**Assignment**
Please, without any pictures, set down exactly the part of the listing below that opens with the line containing "Tiffany & Co., The Blue Book Collection" and closes with the line containing "Black / XS (carry-on luggage)".

**The data**
·····

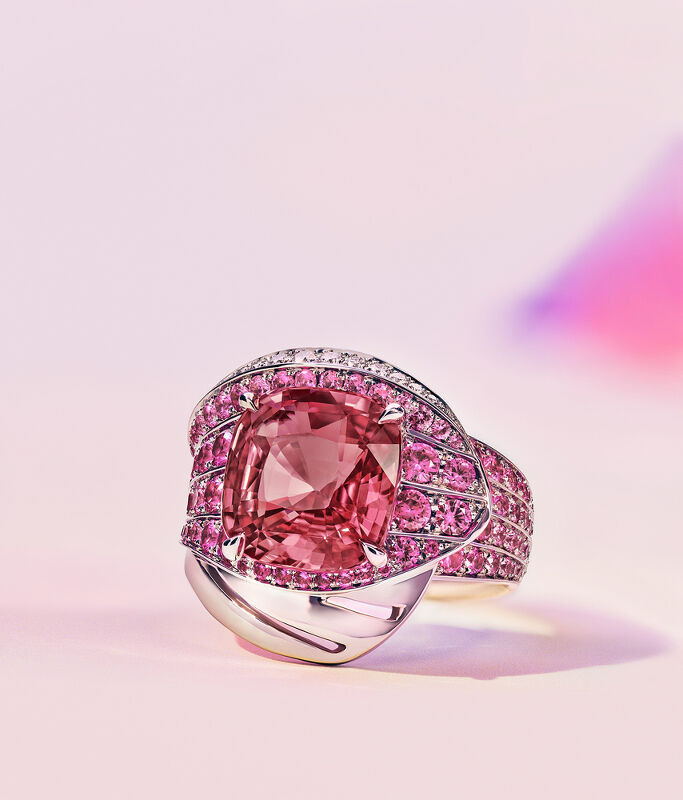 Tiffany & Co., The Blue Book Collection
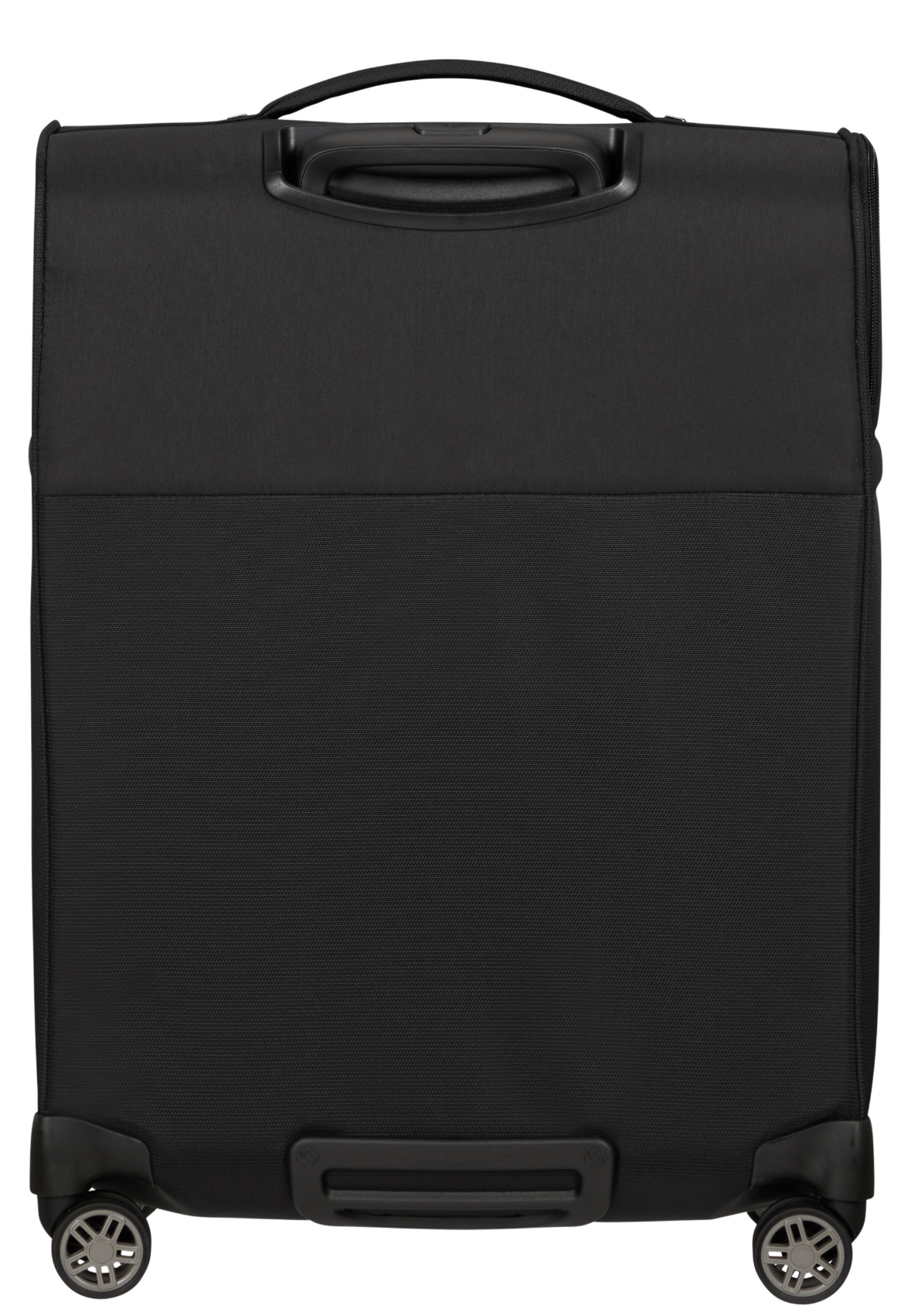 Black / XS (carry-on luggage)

·····

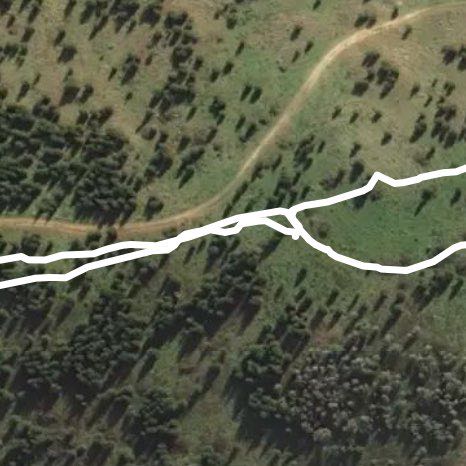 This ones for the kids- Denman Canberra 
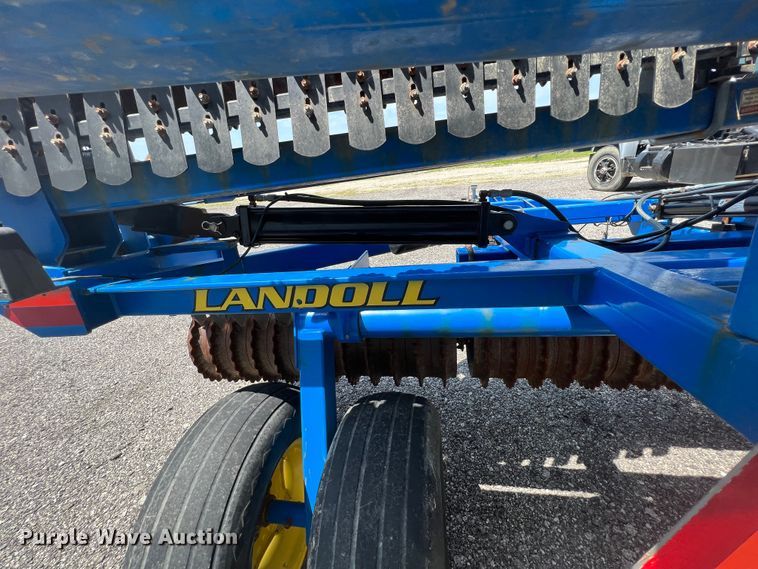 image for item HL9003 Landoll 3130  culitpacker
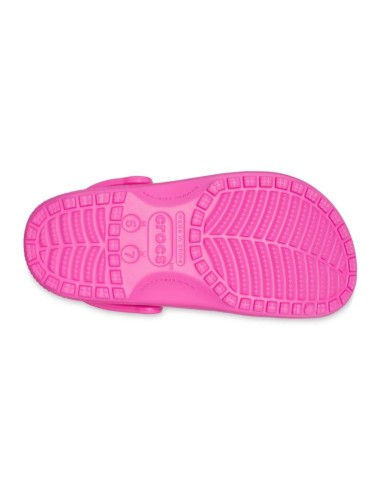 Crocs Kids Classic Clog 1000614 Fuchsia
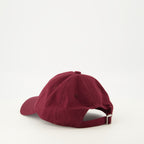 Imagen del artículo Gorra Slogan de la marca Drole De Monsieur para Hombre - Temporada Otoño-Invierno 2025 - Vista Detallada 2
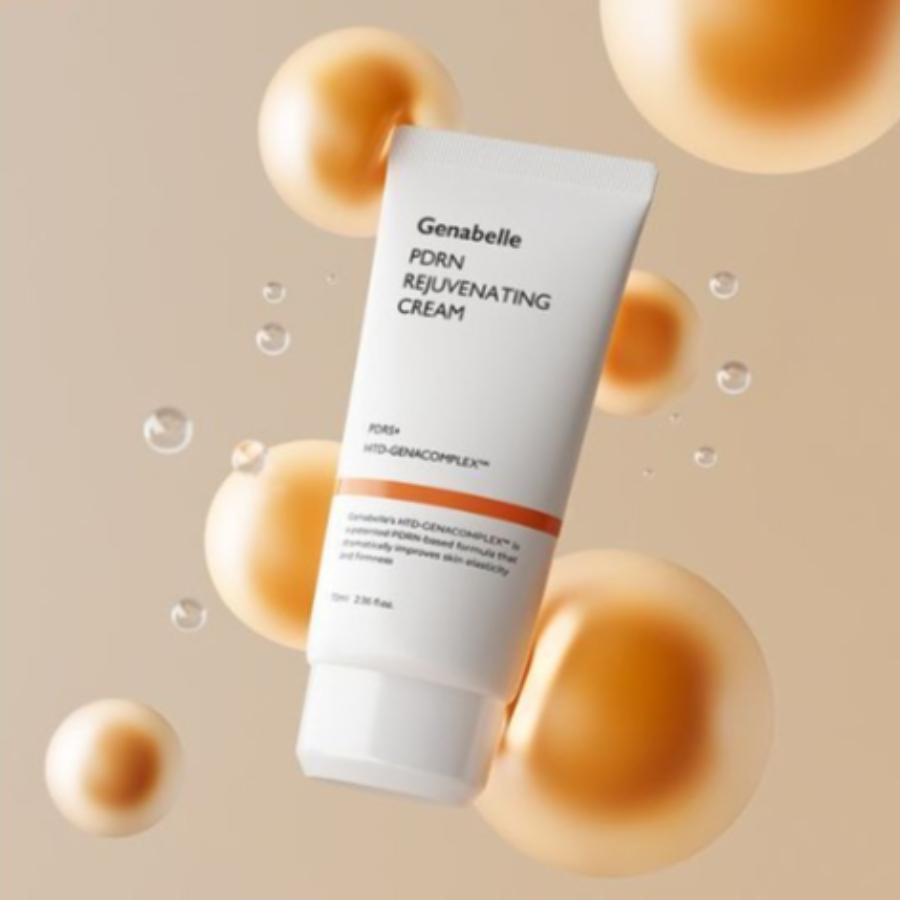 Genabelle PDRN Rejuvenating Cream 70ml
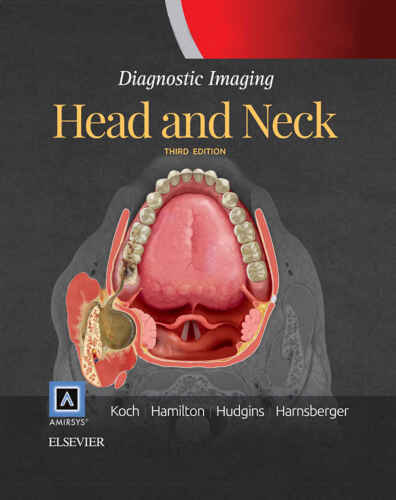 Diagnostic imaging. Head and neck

·····

**Solution for this problem**
 Tiffany & Co., The Blue Book Collection
 Black / XS (carry-on luggage)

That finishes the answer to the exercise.